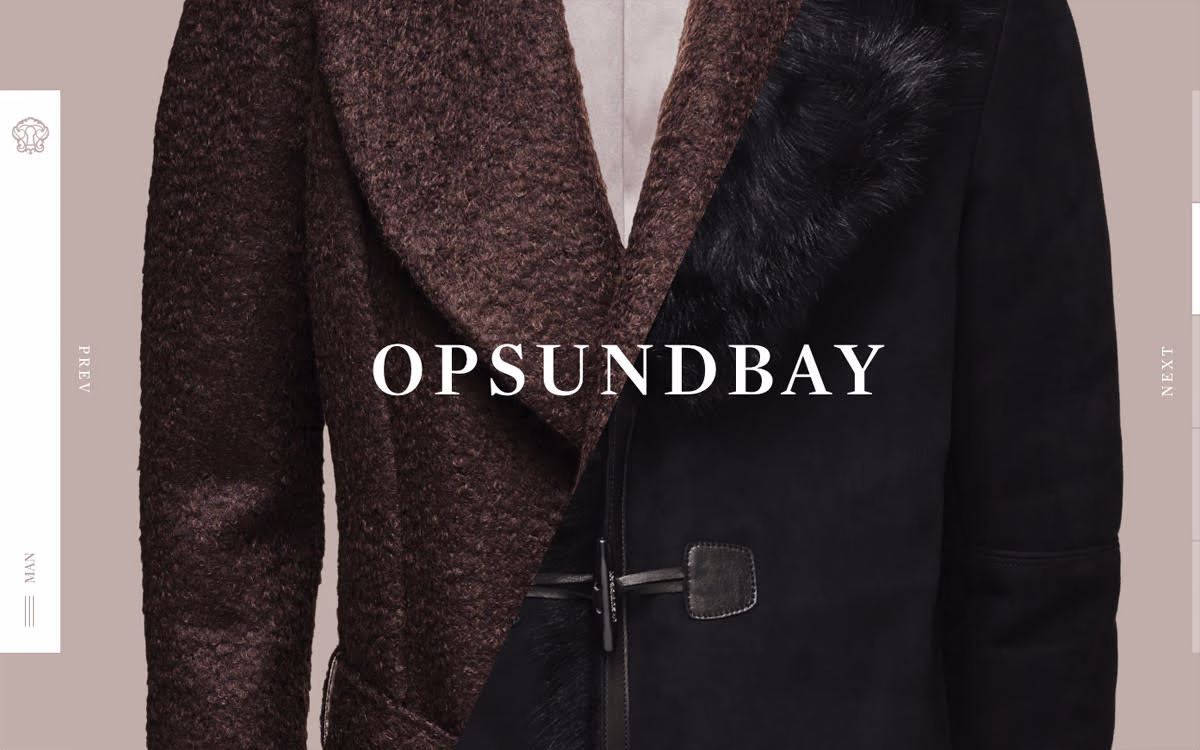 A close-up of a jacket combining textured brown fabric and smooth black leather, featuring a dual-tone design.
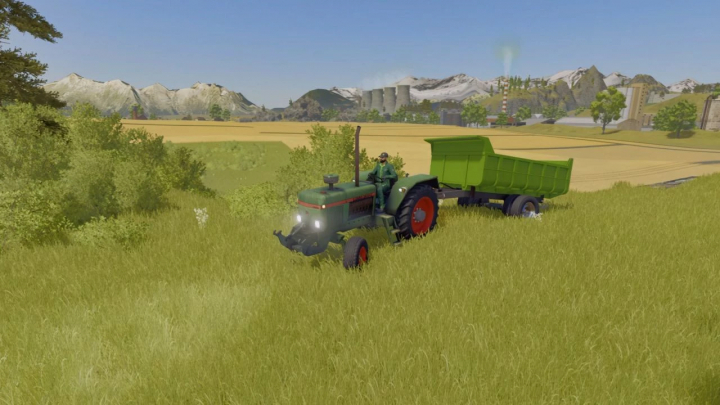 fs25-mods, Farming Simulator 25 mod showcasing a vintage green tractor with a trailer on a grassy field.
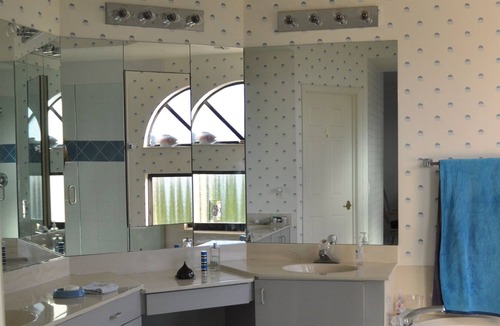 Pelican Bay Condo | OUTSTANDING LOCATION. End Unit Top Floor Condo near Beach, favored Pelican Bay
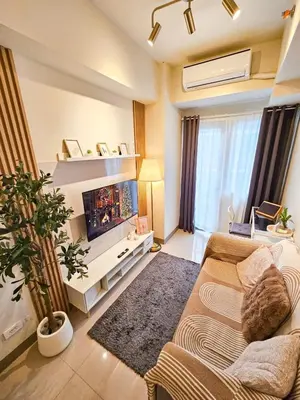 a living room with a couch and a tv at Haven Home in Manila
···
**Task**
Each line from the line containing "fs25-mods, Farming Simulator" through the final line of the data above must be retyped exactly; nothing else, and no pictures, may appear.

**Solution to this exercise**
 fs25-mods, Farming Simulator 25 mod showcasing a vintage green tractor with a trailer on a grassy field.
 Pelican Bay Condo | OUTSTANDING LOCATION. End Unit Top Floor Condo near Beach, favored Pelican Bay
 a living room with a couch and a tv at Haven Home in Manila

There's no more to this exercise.